Kodak's plans to return to sustainable positive cash flow include generating profitable revenues through continued pricing actions and customer-focused initiatives, investing in new product innovation to drive growth in Kodak’s businesses of print and advanced materials and chemicals, implementing effective working capital utilization, reducing operating expenses, continuing to simplify the organizational structure, investing in IT systems to drive operational efficiencies, effectively managing world-wide cash through intercompany loans, distributions or other mechanisms, generating cash from selling and leasing underutilized assets or through new licensing opportunities and implementing ways to reduce cash collateral needs.
Kodak believes its liquidity position is adequate to fund operations, meet its obligations and provide the flexibility to respond as necessary to ordinary changes in the business and economic environment within twelve months as of the filing of this Form 10-Q.
Letter of Credit Facility Agreement
Approximately $24 million of letters of credit were issued under the Amended and Restated L/C Facility Agreement as of both March 31, 2026 and December 31, 2025. The letters of credit under the Amended and Restated L/C Facility Agreement are collateralized by cash collateral (the “L/C Cash Collateral”).
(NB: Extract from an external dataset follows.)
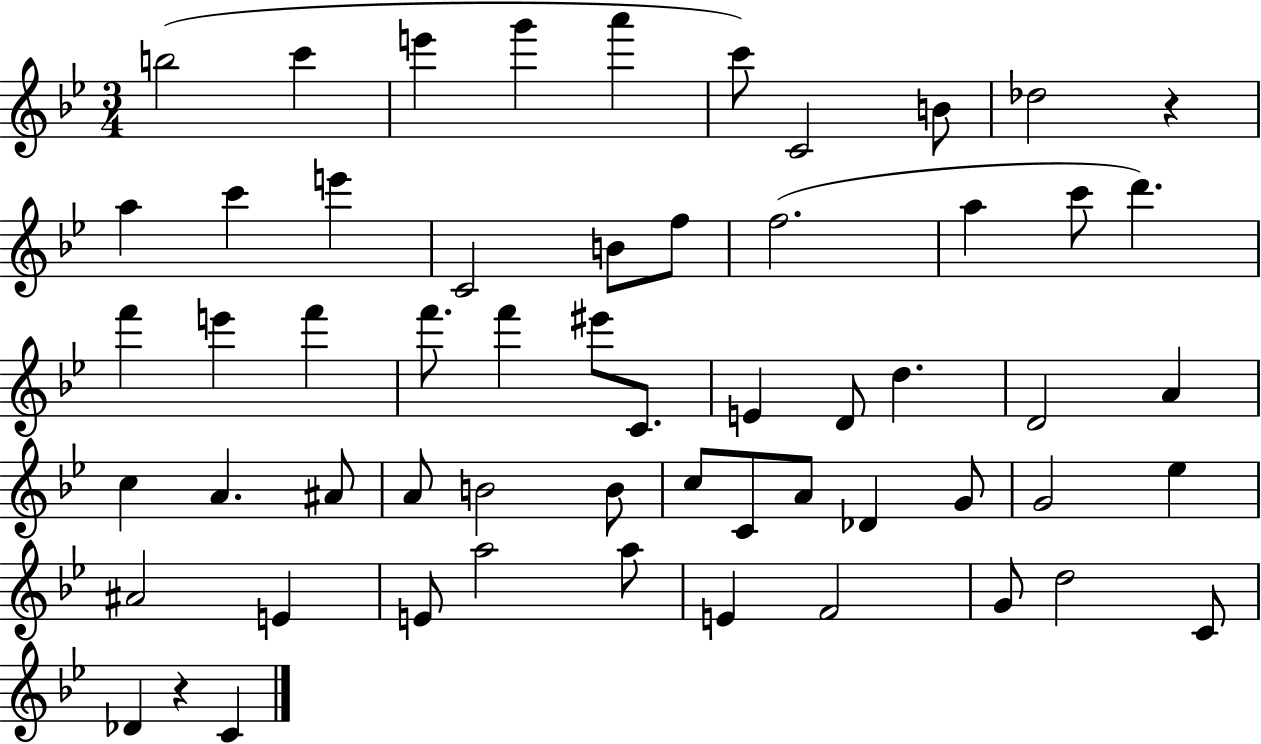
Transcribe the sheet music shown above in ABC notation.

The L/C Cash Collateral was $26 million and $25 million at March 31, 2026 and December 31, 2025, respectively, which was classified as Restricted Cash.
Cash Flow
Cash, cash equivalents and restricted cash balances were as follows:
Cash, cash equivalents and restricted cash
Cash Flow Activity
Year-Over-Year Change
(52
Operating Activities
Net cash used in operating activities decreased $8 million for the three months ended March 31, 2026 as compared with the corresponding period in 2025 primarily due to a decrease in trade receivables ($17 million) and trade payables ($3 million), partially offset by an increase in inventory ($23 million) and miscellaneous receivables ($7 million).
Investing Activities
Net cash provided by (used in) investing activities for the three months ended March 31, 2026 increased $49 million compared to the corresponding period in 2025 due to cash proceeds from the redemption of KRIP reversion investments ($46 million), proceeds from the sale of preferred equity investment ($2 million) and a decrease in capital expenditures ($6 million), partially offset by proceeds from the sale of assets in the prior year ($5 million).
Financing Activities
Net cash used in financing activities for the three months ended March 31, 2026 increased $52 million compared to the corresponding period in 2025 primarily driven by the $50 million principal repayment of the Term Loans on March 13, 2026.
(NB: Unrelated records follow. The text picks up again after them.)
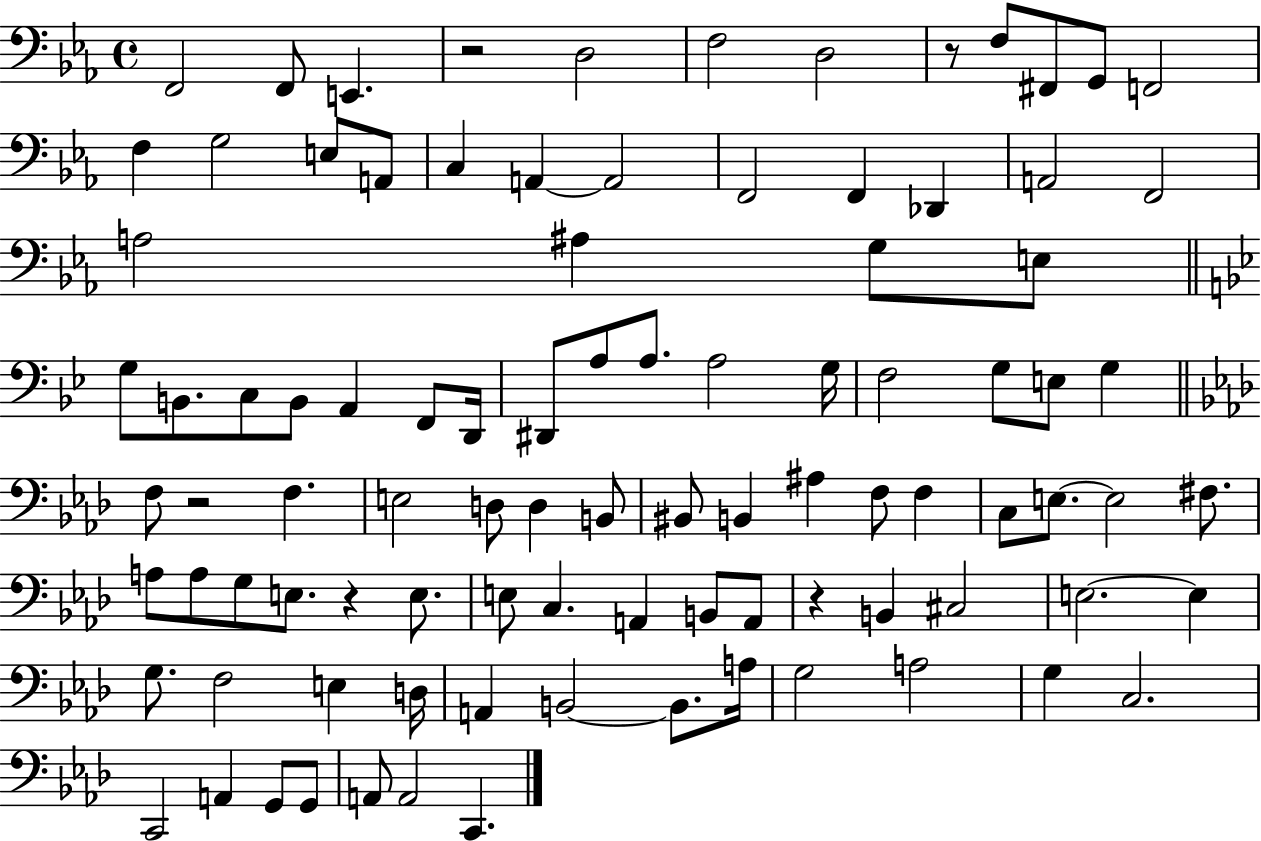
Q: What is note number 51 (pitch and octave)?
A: A#3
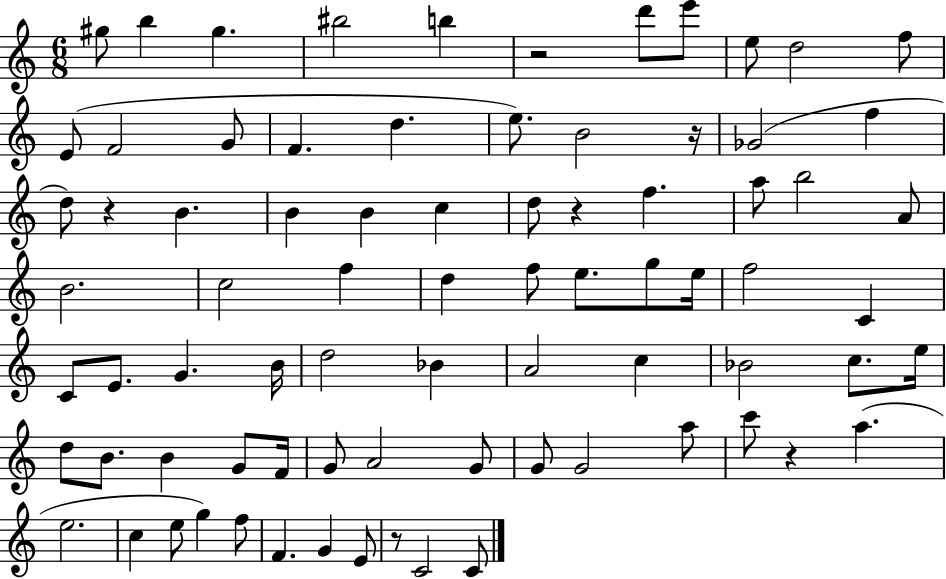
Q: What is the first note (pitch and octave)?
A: G#5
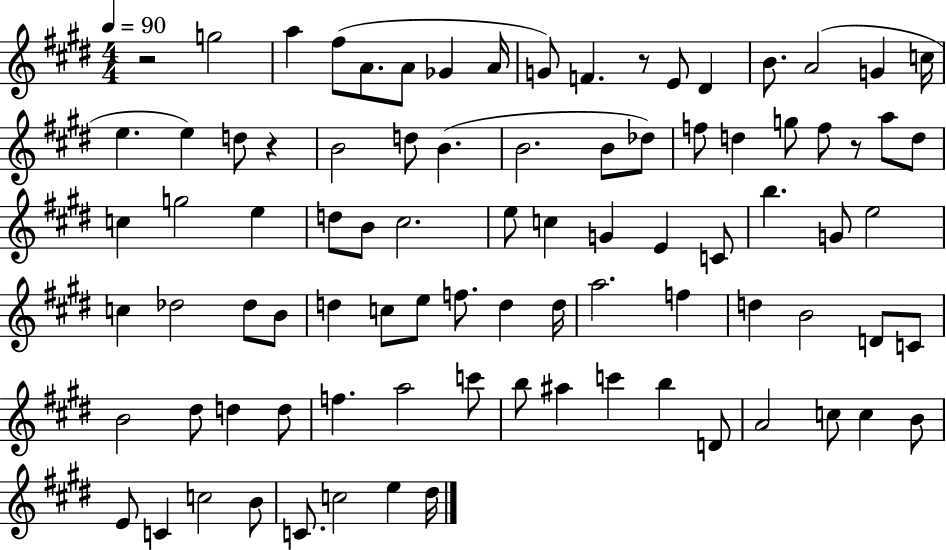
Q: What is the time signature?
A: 4/4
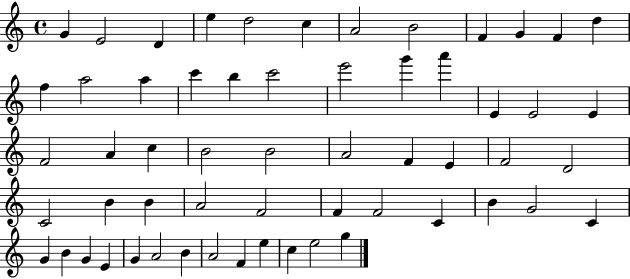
G4/q E4/h D4/q E5/q D5/h C5/q A4/h B4/h F4/q G4/q F4/q D5/q F5/q A5/h A5/q C6/q B5/q C6/h E6/h G6/q A6/q E4/q E4/h E4/q F4/h A4/q C5/q B4/h B4/h A4/h F4/q E4/q F4/h D4/h C4/h B4/q B4/q A4/h F4/h F4/q F4/h C4/q B4/q G4/h C4/q G4/q B4/q G4/q E4/q G4/q A4/h B4/q A4/h F4/q E5/q C5/q E5/h G5/q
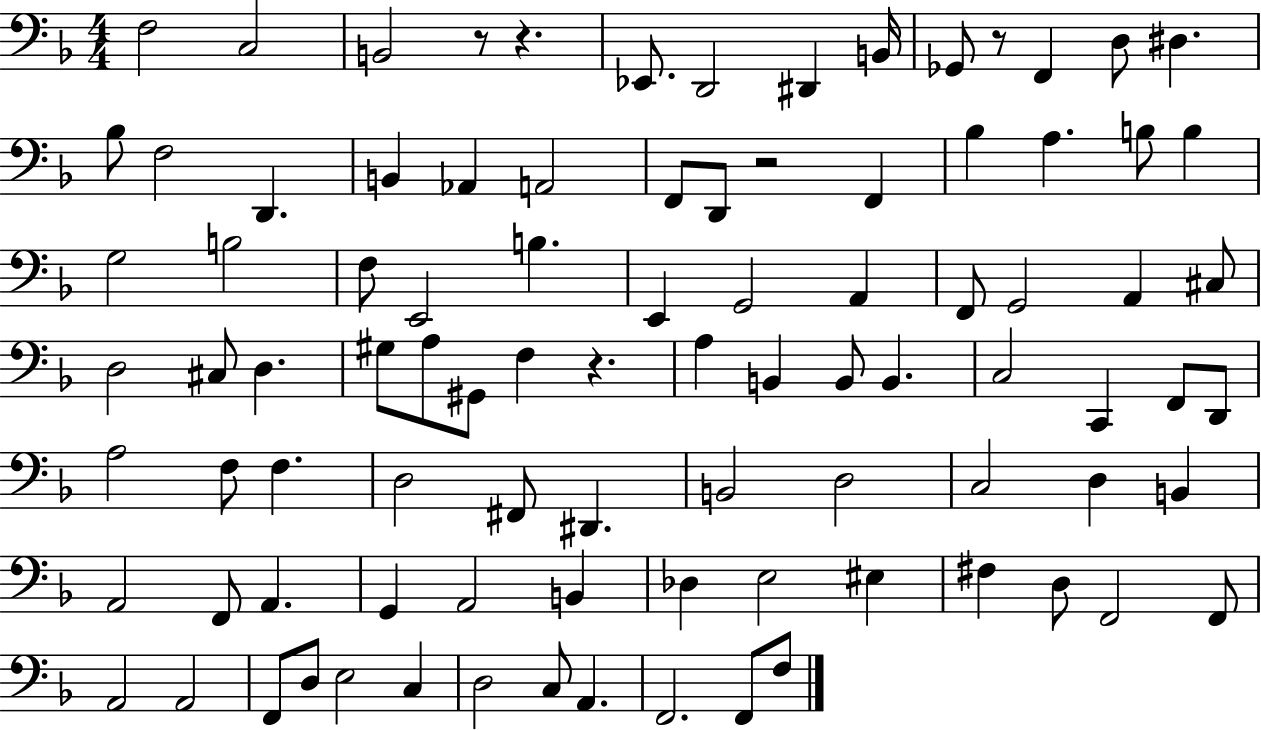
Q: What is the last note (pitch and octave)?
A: F3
Other Collateral Requirements
The NYS WCB requires security deposits related to self-insured workers’ compensation obligations, which security deposits are recalculated annually. Due to changes in 2019 to the manner in which the required security deposit is determined, the Company has been required to post additional collateral over the last several years. At December 31, 2022, the Company posted $75 million of collateral, representing 107% of the Company’s undiscounted actuarial workers’ compensation obligations. Effective May 1, 2023, the Company added New York to its existing workers compensation liability insurance policy and is no longer self-insured for future claims. As a result, the NYS WCB confirmed the Company will no longer be obligated to post any additional collateral. On July 1, 2025, the Company submitted a current actuarial report to the NYS WCB and requested a review of the collateral requirements. The NYS WCB confirmed no change in the collateral was required at this time.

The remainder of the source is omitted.